Of course, you've already written your data to port B.

If you're using port A for other stuff, keep a shadow copy in RAM.

Good Luck! Rich

Reply to
Rich Grise

I finally got home today, got out the pliers, and bent a 1uF capacitor's leads enough to straddle the PIC. The result appears to be a lot cleaner already! Thanks for helping a clueless boy track this down. However, I'm not going to call a single good test a success, so I want to talk it out.

For > > Well, your bare-bones circuit is correct (but, as another poster

Fortunately, I had the good sense to use a 2-to-4 _with_ an enable input. The outputs are inverted (HHHH when disabled, one output low when enabled), but the 574 is positive edge-triggered, so as long as all outputs stay high _except_ when in use, and then are not expected to register until the clock pulse from the processor _ends_, shouldn't that work? Anyway, I'm not going to re-introduce the decoder until I know everything works without it. That said, the decoder is necessary, because I'll need the extra two pins later. It's from the HC series, and I wouldn't guess it's altogether timing-incompatible. (But to make sure everything works with it, I'll be sure to add up the propagation delays and insert nops accordingly.)

Once I buy some capacitors, there will be one on every chip. The supply leads will be a more ideal length once I'm off the breadboard, I guess. The +5V from the supply has tended to range from 5.04 to 5.15, which I figured wasn't going to be a problem. (It's an ATX power supply, and I figure if it's good enough for the digital logic on a motherboard...but then, more obvious conclusions have been wrong.)
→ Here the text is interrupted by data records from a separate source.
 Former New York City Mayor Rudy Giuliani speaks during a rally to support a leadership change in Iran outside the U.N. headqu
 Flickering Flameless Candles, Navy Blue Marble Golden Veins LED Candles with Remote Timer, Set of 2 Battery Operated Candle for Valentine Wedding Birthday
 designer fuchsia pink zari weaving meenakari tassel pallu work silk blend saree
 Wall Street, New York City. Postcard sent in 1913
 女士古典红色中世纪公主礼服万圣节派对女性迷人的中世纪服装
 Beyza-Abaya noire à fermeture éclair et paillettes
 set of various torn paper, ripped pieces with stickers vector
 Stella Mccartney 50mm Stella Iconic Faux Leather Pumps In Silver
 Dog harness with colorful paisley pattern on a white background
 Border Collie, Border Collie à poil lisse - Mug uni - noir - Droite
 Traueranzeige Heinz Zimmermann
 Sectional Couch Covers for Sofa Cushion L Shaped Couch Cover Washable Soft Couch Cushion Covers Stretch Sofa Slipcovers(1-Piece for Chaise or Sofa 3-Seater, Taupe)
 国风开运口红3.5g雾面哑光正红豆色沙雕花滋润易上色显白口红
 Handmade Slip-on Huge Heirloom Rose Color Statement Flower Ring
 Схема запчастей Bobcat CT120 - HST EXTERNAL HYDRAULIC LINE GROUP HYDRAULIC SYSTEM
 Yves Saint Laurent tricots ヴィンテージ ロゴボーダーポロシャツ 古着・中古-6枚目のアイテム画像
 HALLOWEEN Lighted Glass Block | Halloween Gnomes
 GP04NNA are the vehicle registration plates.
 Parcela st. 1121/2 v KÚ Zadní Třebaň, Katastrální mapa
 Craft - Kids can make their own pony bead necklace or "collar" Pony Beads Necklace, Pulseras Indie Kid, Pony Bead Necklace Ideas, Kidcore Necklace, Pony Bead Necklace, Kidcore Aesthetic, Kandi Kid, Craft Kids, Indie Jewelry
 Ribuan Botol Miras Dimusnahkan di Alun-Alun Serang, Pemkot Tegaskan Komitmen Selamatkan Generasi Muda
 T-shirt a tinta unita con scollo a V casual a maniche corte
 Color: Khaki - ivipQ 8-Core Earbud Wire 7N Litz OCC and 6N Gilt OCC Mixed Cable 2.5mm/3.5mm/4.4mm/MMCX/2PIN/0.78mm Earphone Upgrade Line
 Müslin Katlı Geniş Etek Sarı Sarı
The ABT574's spec rates the governing minimum input edge (in this case, the clock input) at 100mV/ns. Unless I'm reading or calculating wrong, that means the up edge must take less than 50ns at 5V. A cursory glance at the spec for my PIC device rates the maximum I/O port output rise/fall at 40ns, 10ns typical, so that ought to be fine, right? If it weren't, what would I want to do? Perhaps run the pin out to some sort of bistable, or is it simpler than that? (My background in analog circuits is spotty.)

Speaking of these specs, when they speak of rise/fall times, are they talking about from GND to Vdd (e.g. 0 to 5V) or simply low to high (0.8 to 2.0V, as rated for the ABT574)?

Thanks for educating a guy who didn't have the good sense to do this as his major... PSM

Reply to
Peter S. May

I've evaluated shift registers for this design and found that for this application (which may end up having 128 outputs eventually) the bit banging involved would slow the refresh rate to nearly human-discernible levels. Farming it out to a parallel-in shift register outputting to serial-in shift registers has been another thought, but I plan to wait a while before exploring it.

Incidentally, the outputs are for driving a computer-controlled light display, so the outs on the DFFs will connect to transistor arrays that in turn drive several high-brightness LEDs each.

Thanks PSM

Reply to
Peter S. May

(00000111) to disable the comparators.

and configures A0-A3 analog

My copy of the 16F88 spec (rev C, page 15) says the POR value for CMCON is 00000111, not 0.

Thanks PSM

Reply to
Peter S. May

PORTA and PORTB, according to what I've read, are latched--I don't think they go hi-Z for a read. I could be wrong, but I'm having some degree of success with adding decoupling caps and shortening the ground lines, so I think that's more likely where the problem is.

Thanks PSM

Reply to
Peter S. May

The .1 ceramic are standard for each chip (more or less). The tantalums don't have as good frequency response, but they can be used on a per-board (not per-chip) basis.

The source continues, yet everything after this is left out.